La chose et la mathématique grecque :
Pour Aristote les mathématiques ne sont ni la loi d’être des choses ni la norme de la connaissance vraie. Toute science est science d’un genre, et il n’y a pas communication entre genres différents. Un homme et une pierre demeurent l’un à l’autre par le genre sans commune mesure. Or le genre d’être des objets mathématiques diffère du genre d’être des objets physiques, choses ou étants. Remarquons que physique ici ne renvoit pas à une détermination moderne de ce que l’on entend sous le nom de sciences physiques, mais à la détermination grecque de phusis c’est à dire nature.

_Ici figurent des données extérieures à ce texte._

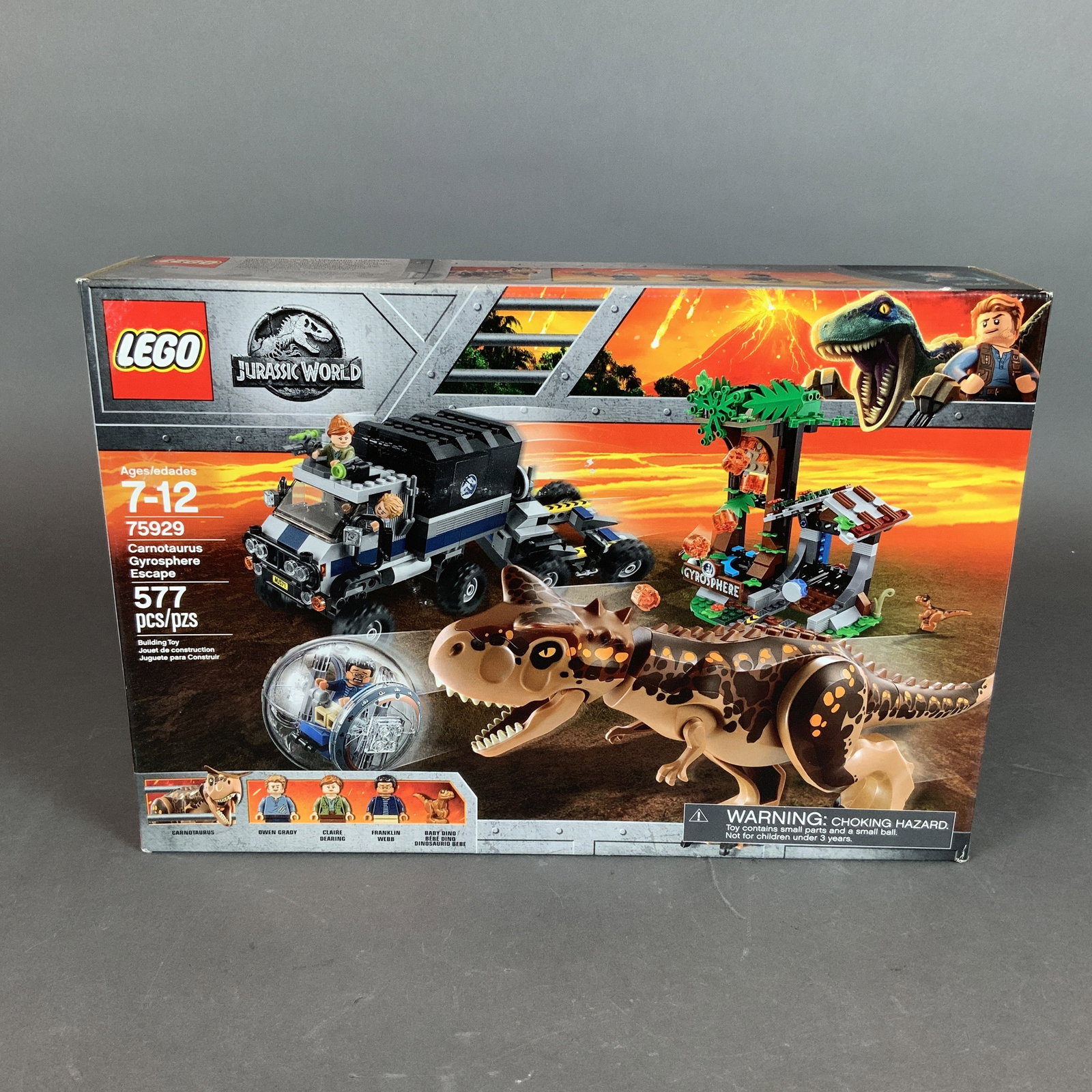 LEGO Jurassic World Set, Carnotaurus Gyrosphere Escape 75929: This LEGO building set, number 75929, is titled Carnotaurus Gyrosphere Escape from the Jurassic World theme. The set is constructed from plastic and contains 577 pieces. It includes three minifigures:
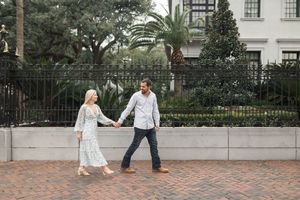 A couple strolls along a palm-lined path near a white colonial-style building.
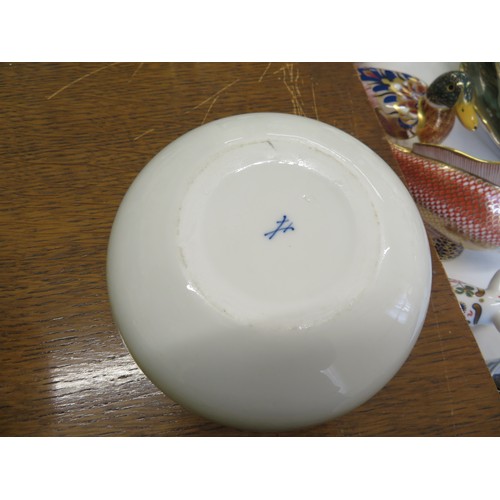 184 - A porcelain lidded bowl with crow decoration to top, crossed sword mark to base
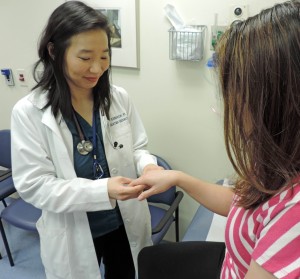 Photo of a doctor examining a patient's hand.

Les objets de la physique appartiennent au genre des êtres séparés et mobiles. Les objets de la mathématique appartiennent aux genres des êtres immobiles et non séparés. Dès lors la mathématique ne nous dit rien sur l’être même des choses de la nature.

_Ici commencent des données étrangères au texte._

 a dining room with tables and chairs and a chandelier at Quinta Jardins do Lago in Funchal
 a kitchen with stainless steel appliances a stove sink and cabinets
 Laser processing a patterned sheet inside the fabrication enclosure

De plus les objets mathématiques n’étant pas séparés -séparé signifiant être par soi ce qui s’oppose à être par accident- les mathématiques restent à la surface des choses dont elles ignorent l’essence ou la substance, c’est à dire l’être par soi. C’est pourquoi pour Aristote la propriété pour la somme des angles d’un triangle d’être égale à deux droits, n’est qu’un accident du triangle.
Pour Platon dans le Timée, tout au contraire d’Aristote, le démiurge façonne le monde, l’accomplit et le structure de manière toute mathématique. Le démiurge jongle avec des sphères et des cubes, les surfaces et les lignes et ainsi construit un monde tout semblable à celui que nous voyons. Cependant, Platon lui-même l’affirme, le Timée est un dialogue où la vérité est enveloppée du vêtement de la fiction et du mythe. Les propositions du Timée ne sont recevables qu’au niveau d’un langage d’imagination. Et c’est pourquoi Platon pourra affirmer dans la République que "les mathématiciens rêvent autour de l’être".